= Problem description =
Here is the task for the records below: repeat exactly the lines from the one with "Steinhauer Lampe de" to the one with "Down Pillows Queen", both included, and nothing else.

= Provided entries =
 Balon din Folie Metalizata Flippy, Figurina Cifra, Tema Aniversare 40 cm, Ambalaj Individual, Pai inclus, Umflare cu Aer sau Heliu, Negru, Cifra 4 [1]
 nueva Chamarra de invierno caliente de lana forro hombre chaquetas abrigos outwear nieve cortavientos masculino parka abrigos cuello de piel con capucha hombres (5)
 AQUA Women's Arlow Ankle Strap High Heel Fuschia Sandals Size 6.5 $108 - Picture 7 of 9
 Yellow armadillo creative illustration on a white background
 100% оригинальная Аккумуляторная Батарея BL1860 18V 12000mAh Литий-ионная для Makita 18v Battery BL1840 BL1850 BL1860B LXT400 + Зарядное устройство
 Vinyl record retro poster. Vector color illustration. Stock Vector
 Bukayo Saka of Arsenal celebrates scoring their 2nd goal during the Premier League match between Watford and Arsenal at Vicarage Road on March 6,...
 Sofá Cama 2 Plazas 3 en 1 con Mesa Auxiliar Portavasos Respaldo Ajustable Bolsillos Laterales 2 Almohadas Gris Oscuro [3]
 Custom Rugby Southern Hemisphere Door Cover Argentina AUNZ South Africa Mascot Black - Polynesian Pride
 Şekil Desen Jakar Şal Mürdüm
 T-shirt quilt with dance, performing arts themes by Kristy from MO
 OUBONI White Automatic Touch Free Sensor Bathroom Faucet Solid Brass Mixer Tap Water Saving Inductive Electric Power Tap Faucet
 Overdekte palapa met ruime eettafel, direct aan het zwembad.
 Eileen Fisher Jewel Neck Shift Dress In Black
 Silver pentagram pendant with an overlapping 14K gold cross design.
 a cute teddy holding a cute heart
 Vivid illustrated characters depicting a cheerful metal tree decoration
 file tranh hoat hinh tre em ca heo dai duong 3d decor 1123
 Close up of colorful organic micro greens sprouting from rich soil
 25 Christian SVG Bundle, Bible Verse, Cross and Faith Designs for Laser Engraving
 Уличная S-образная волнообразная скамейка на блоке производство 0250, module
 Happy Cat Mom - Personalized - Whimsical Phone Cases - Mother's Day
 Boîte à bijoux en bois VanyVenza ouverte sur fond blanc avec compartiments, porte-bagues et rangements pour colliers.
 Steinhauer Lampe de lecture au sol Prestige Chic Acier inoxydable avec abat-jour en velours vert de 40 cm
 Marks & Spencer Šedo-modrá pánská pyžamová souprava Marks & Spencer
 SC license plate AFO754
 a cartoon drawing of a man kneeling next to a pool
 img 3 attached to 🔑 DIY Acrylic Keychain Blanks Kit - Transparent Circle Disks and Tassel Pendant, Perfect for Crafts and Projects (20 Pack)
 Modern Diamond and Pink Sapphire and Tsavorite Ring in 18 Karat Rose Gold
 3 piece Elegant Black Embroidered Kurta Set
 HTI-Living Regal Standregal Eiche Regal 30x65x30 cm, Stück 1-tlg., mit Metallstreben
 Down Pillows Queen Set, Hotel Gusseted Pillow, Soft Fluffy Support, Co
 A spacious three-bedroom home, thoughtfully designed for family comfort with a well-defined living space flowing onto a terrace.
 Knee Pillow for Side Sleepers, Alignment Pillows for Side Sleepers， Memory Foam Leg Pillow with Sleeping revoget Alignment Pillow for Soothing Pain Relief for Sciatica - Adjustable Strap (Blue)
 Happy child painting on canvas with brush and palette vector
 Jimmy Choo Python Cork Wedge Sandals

= Your response =
 Steinhauer Lampe de lecture au sol Prestige Chic Acier inoxydable avec abat-jour en velours vert de 40 cm
 Marks & Spencer Šedo-modrá pánská pyžamová souprava Marks & Spencer
 SC license plate AFO754
 a cartoon drawing of a man kneeling next to a pool
 img 3 attached to 🔑 DIY Acrylic Keychain Blanks Kit - Transparent Circle Disks and Tassel Pendant, Perfect for Crafts and Projects (20 Pack)
 Modern Diamond and Pink Sapphire and Tsavorite Ring in 18 Karat Rose Gold
 3 piece Elegant Black Embroidered Kurta Set
 HTI-Living Regal Standregal Eiche Regal 30x65x30 cm, Stück 1-tlg., mit Metallstreben
 Down Pillows Queen Set, Hotel Gusseted Pillow, Soft Fluffy Support, Co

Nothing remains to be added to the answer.